- The problem -
From the line containing "Water Damage Door Frame Repair Flushing" to the line containing "The Exorcist Steps" in the entries below, reproduce every line exactly, ends included. Nothing else belongs in the copy, and no pictures.

- Records to process -
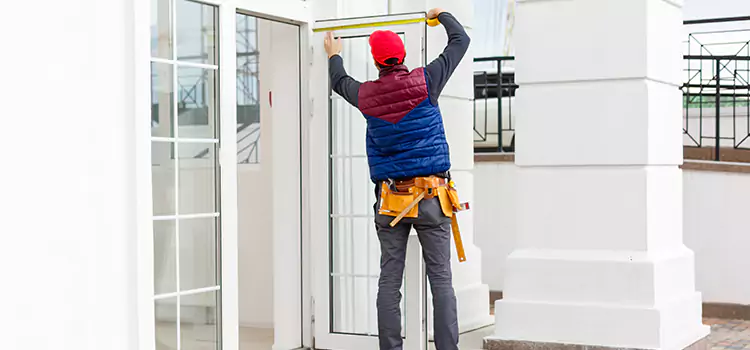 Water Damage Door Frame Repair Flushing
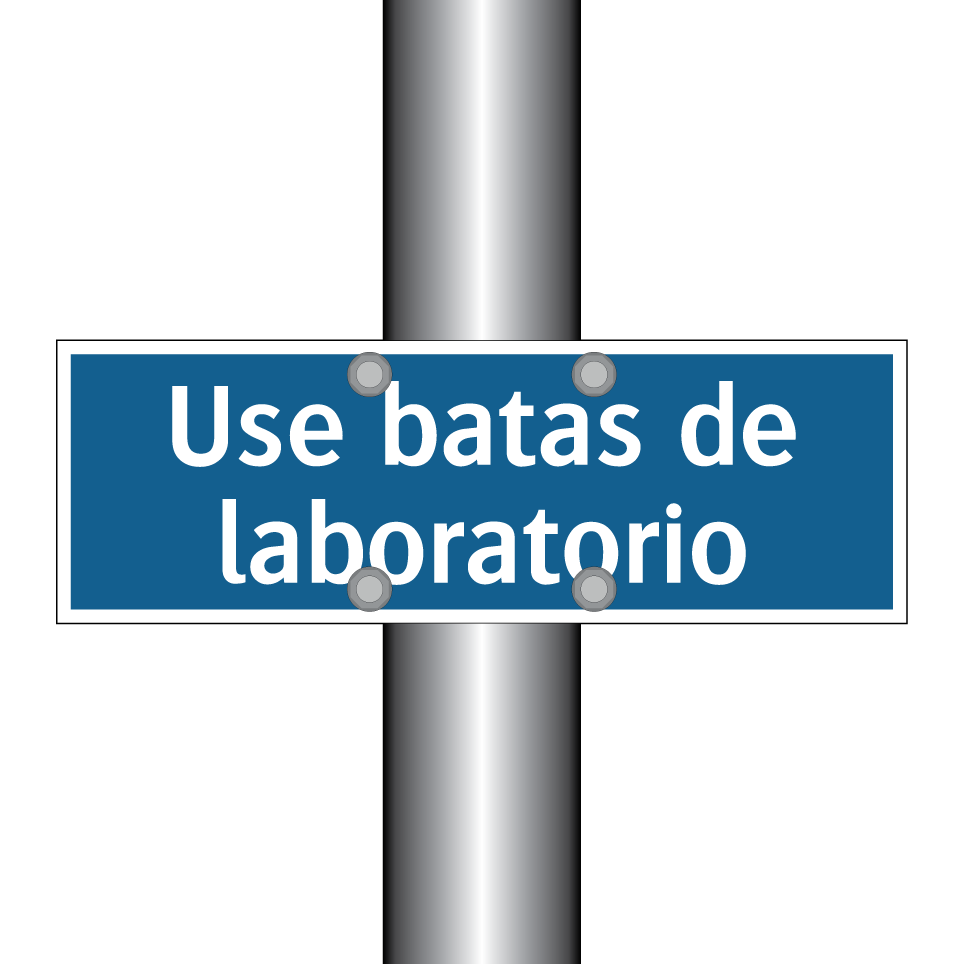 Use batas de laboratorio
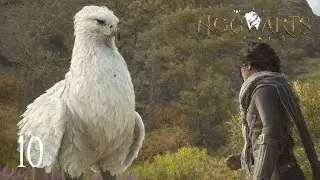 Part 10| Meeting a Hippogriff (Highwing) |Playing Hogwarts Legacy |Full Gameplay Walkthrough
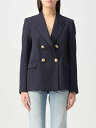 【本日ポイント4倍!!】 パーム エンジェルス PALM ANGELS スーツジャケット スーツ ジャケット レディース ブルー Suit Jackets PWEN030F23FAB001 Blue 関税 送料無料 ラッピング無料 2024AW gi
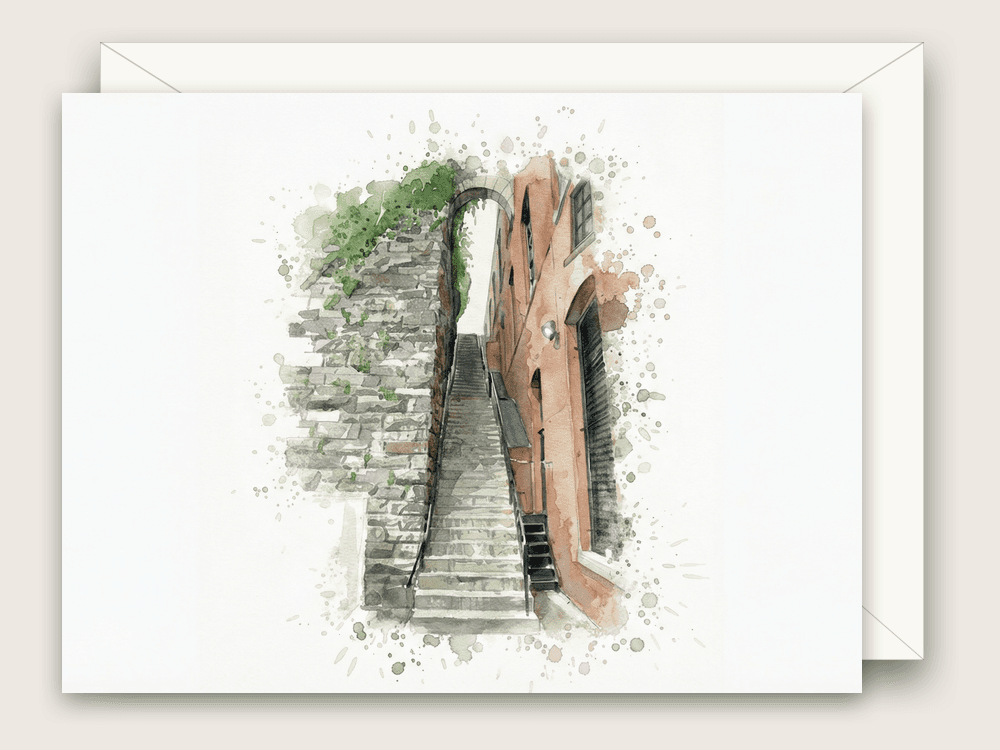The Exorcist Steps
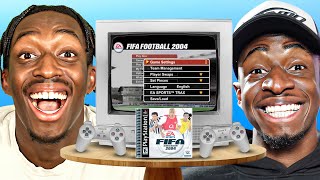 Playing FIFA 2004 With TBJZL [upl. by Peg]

---

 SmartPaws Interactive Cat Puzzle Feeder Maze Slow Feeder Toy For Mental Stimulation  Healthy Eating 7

* * *

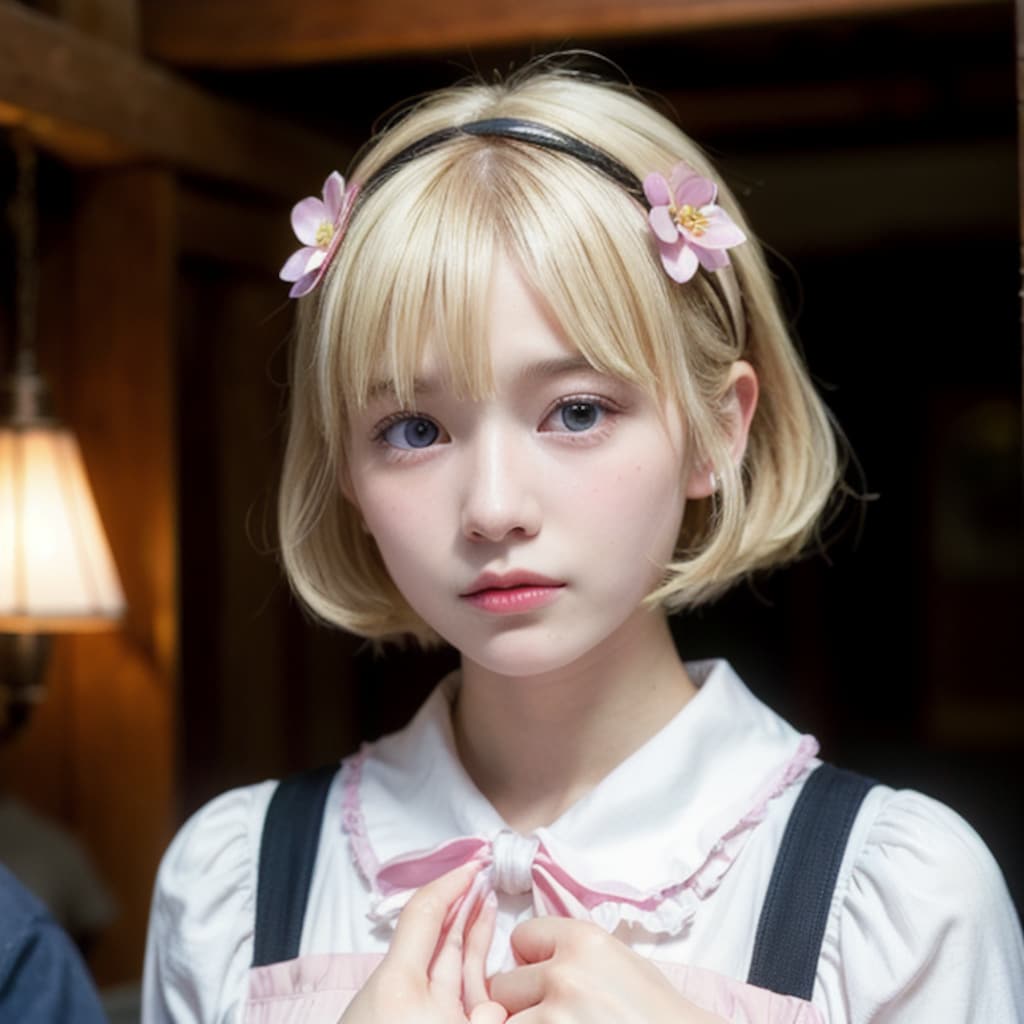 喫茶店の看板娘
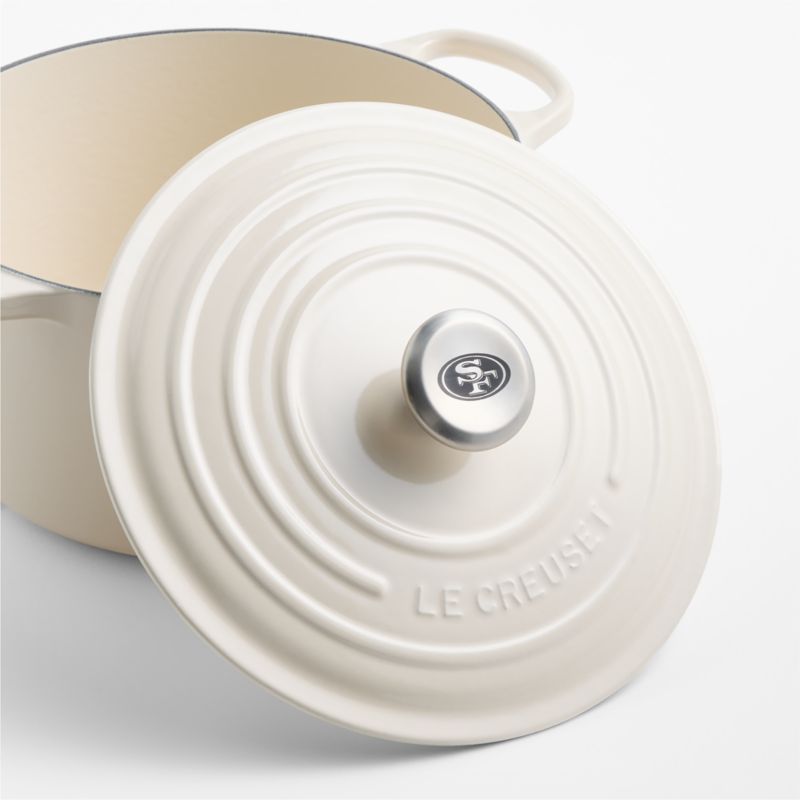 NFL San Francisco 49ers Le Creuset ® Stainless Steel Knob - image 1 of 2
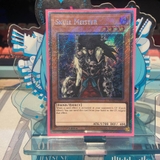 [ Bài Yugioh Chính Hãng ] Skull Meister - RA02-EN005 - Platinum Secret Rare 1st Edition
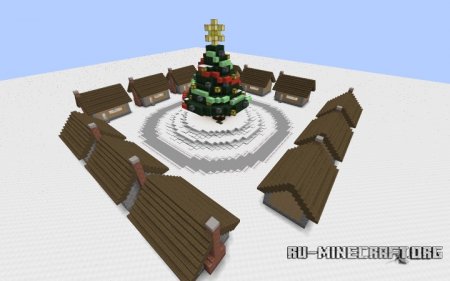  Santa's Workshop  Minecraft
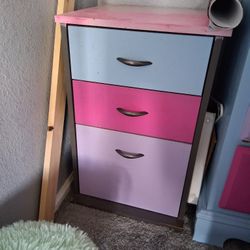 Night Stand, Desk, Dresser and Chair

- Problem solution -
 Water Damage Door Frame Repair Flushing
 Use batas de laboratorio
 Part 10| Meeting a Hippogriff (Highwing) |Playing Hogwarts Legacy |Full Gameplay Walkthrough
 【本日ポイント4倍!!】 パーム エンジェルス PALM ANGELS スーツジャケット スーツ ジャケット レディース ブルー Suit Jackets PWEN030F23FAB001 Blue 関税 送料無料 ラッピング無料 2024AW gi
The Exorcist Steps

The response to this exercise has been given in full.